Kuveytlilerin Türkiye’de ne işi var?
Türkiye ile Kuveyt arasındaki ekonomik işbirliğinin düzeyi hakkında net bilgi almak için Kuveytli iş adamlarının ve zenginlerin Türkiye pazarına girişinin yanı sıra şu bilgileri de birlikte inceleyebiliriz:
a) Şu anda dört yüzün üzerinde Kuveytli şirket faaliyet göstermektedir. Türkiye pazarı. Türkiye’de faaliyet gösteren Kuveytli şirketlerin çoğu şu sektörlere aittir: otel işletmeciliğine katılım, mağaza zincirleri ve restoranlar, uzmanlaşmış tıbbi klinikler, manifatura, inşaat projelerine katılım, finans ve borsa gruplarına katılım.
b ) Kuveytli zenginler Türkiye’de mülk satın alma sıralamasında 10. sırada yer alıyor. (İlk ve dördüncü sıralarda Rusya, İran, Irak ve Suudi Arabistan yer alıyor).
d) Turistlerin Türkiye’yi ilk tercih ettiği ülkeler arasında Kuveyt yer alıyor. uzun bir tatil için yurtdışı seyahat destinasyonu.

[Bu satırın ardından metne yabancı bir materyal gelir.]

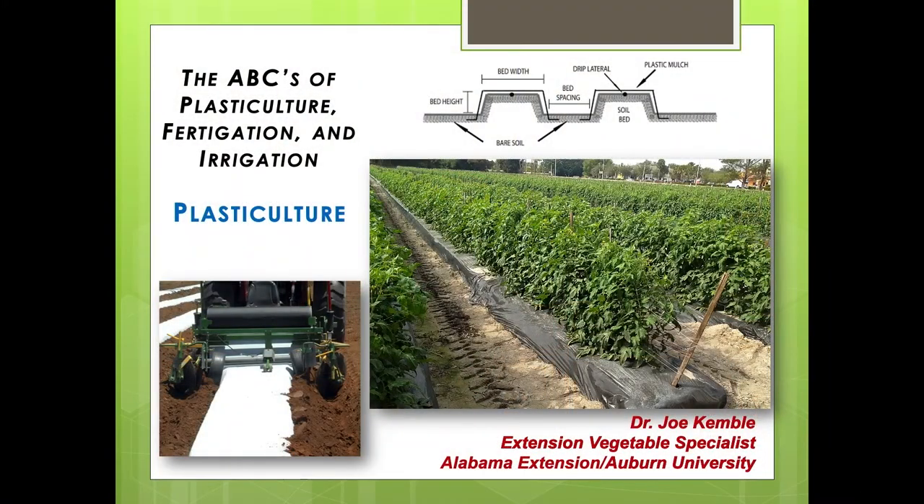Later this afternoon I'm going to talk about the specifics of irrigation scheduling and fertigation — injecting fertilizer through the system. Plasticulture is a method of production using raised beds with plastic mulch. Under the plastic mulch we have drip irrigation tape installed. It's important that you have all these elements in the system. You can use raised beds with drip tape and no plastic, but you have to have drip tape under plastic — that's a must.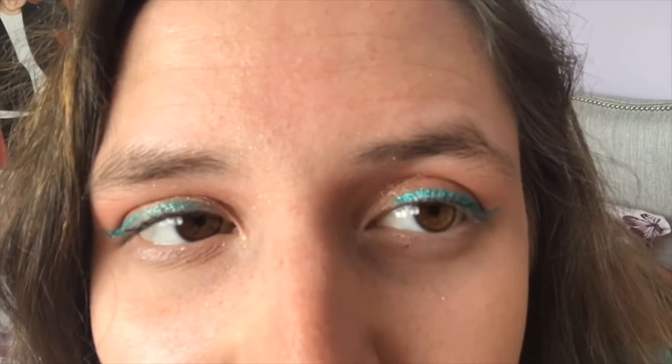Back to lips: I'm taking the MAC Love Me Lipstick in the shade Laissez Faire. Because I'm doing a brown-themed eyeshadow look, I wanted a similar tone on the lips — this is a milky chocolate colour with a high shine, similar to an Amplified finish. Off camera I sprayed my face with MAC Fix Plus.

e) Kuveytli şirketlerin Türkiye’ye yaptığı doğrudan yatırım miktarı sadece 3 yılda 2 milyar dolara ulaştı.
Sonuçta şunu söylemek gerekir ki, Basra Körfezi bölgesindeki Arap ülkelerinin küçük nüfusu ve yüksek zenginliği nedeniyle Türkiye, Kuveyt, Katar ve Arap ülkeleri ile işbirliğini geliştirme yönünde uzun vadeli bir strateji ortaya koymuştur. Birleşik Arap Emirlikleri, Bahreyn ve Suudi Arabistan’ı gündemine alan ve bu ülkelerin tüketim pazarını ele geçirmek, döviz kaynaklarını petrol dolarıyla telafi etmek ve projelerinin önemli bir kısmının finansmanını bu ülkelerin bankalarına emanet etmek istiyor.